Fransa’ya döndüğünde tıp okudu. Paris’in yoksul bir mahallesinde doktor olarak
çalıştı. Sosyalizme yakınlık duyarak 1935’te SSCB’ye gitti. “Bir Katliam
Etrafında Ivır Zıvır Şeyler” adlı kitabındaki Yahudi aleyhtarı görüşleri
yüzünden suçlandı. Danimarka’ya kaçtı. Bir süre hapiste yattı. 1951’de Fransa’ya döndü.
Celine,
1932’de yayınlanan ve Renaudat ödülünü alan Gecenin Sonuna Yolculuk adlı
kitabıyla ünlendi. Savaş yıllarındaki ve Afrika'daki izlenimlerini yansıtan bu
roman, dilin kalıplarını kırarak, sokağın sesini duyurup, dilini, argosunu
edebiyata katarak metinlerini yoğurdu. “Anti burjuva bir dil” yarattı.
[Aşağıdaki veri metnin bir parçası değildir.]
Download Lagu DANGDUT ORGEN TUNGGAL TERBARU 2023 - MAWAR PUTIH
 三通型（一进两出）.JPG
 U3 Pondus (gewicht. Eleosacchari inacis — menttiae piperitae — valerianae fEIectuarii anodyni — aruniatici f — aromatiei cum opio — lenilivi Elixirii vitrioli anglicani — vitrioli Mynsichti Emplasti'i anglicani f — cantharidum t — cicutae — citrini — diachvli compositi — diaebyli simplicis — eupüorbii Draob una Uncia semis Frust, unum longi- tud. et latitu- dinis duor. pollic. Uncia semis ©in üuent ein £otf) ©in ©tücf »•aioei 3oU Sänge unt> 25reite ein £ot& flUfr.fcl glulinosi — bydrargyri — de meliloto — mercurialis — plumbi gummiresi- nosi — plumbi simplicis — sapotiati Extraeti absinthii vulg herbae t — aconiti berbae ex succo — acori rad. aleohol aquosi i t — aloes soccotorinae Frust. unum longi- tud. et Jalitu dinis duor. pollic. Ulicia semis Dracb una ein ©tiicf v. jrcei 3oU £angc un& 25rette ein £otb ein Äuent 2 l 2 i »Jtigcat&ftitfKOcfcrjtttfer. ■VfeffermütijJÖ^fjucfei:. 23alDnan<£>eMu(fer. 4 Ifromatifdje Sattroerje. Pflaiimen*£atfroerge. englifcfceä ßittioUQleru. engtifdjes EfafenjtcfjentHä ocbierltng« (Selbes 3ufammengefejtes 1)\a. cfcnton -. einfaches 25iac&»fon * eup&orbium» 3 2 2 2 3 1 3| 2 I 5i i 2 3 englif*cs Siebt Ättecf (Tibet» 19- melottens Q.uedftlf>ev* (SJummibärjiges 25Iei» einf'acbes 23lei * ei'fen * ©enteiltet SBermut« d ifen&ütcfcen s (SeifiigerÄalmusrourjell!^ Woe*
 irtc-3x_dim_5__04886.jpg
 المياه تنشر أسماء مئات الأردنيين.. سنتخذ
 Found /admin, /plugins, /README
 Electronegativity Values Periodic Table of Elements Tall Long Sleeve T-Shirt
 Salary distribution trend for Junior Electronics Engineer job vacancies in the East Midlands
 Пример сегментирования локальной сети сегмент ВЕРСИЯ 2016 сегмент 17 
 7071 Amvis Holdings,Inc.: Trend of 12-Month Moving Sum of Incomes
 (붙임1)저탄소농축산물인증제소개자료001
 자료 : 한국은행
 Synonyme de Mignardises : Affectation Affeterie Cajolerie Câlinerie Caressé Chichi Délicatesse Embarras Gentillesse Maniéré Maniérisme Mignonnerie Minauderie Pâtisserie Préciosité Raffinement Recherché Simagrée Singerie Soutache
“Alışılmadık sıklıkta ünlemle soru işareti saçıyormuşum, sağa sola bol miktarda
üç noktayla havalandırıyormuşum yazılarımı, virgülle “ve” edatlarını da
olmayacak yerlerde kullanıp kazara kucağımdan düşürmüş gibi serpiştiriyormuşum
bambaşka bir mantıkla ama katiyen normal yazı dili kurallarının emrettiği
yerlere değil!” s.559
Alışılagelmişin
dışındaki biçimiyle yaygın roman ölçütlerini zorlamıştır.
Kitabı
özel kılan hikayenin akışı değil doğrudan hayatın kendisi. Umudun ve aşkın
dışında insana dair her şey var. Romanın kahramanı Ferdinand Bardamu; kayıtsız,
insanların kalıplaştırmaya çalıştığı tüm değerlerden yoksun, nihilist,
sefaletin içinde birisidir. Doktorluk bile onu sefaletten kurtaramıyor. Doktorluk
mesleği sayesinde insanların derinliğine, çöplüğüne, tüm kirlerine daha fazla
tanık oluyor. Kitabın diğer bir özel yanı ise Ferdinand Bardamu’nun hayatın
içindeki duruşu, gözlemleri, yorumları, düşünceleri… İtici bir karakter olsa da
okudukça sizde Bardemu’ya dönüşüyorsunuz.
“Savaşı
ve içinde ne varsa hepsini reddediyorum. Ben
savaş var diye üzülmüyorum… Ben kaderime razı olmuyorum… Ben bu konuda
sızlanıp durmuyorum… Onu olduğu gibi reddediyorum, içindeki insanlarla
birlikte, onlarla, onunla hiçbir alışverişim olsun istemiyorum.” s.84
“Savaş
kimilerini yakmış kimilerinin içini ısıtmıştı, nasıl ki ateş bazen işkence eder
bazen de ihya, bu içinde mi önünde mi olduğuna göre değişir. Kendi yağıyla
kavrulmasını bilmek gerek o kadar.” s.245
“Bana
böyle çok sevecen öğütler veriyordu, mutlu olmamı istiyordu. İlk kez bir
insanoğlu benimle ilgileniyordu tabiri caizse içerden diyeceğim, bencilliğimle
ilgileniyordu ve tüm diğerleri gibi durduğu yerde beni yargılamak yerine
kendini benim yerime koyuyordu.” s.258
“İnsan
gözden düşmek istediğinde halka iner.” s.304
“İnsan
bir yerde takılıp kaldıkça nesneler ve insanlar iyice yozlaşıyorlar, çürüyorlar
ve sırf sizin hatırınıza leş gibi kokmaya başlıyorlar.” s.307
“O
da namussuzun dik alasıdır zaten ezelden beri ötekinden bile daha içten
pazarlıklıydı ama artık o iğrenç ruhunun derinliklerindeki çirkefi tümüyle
ortaya çıkarmayı başardı.” s.359
“Duygum
sanki yalnızca tatillerde gidilen bir ev gibiydi. Doğru dürüst dayalı döşeli
dahi değil. Kaldı ki can çekişenlerin istekleri bitmez. Can çekişmek yetmiyor.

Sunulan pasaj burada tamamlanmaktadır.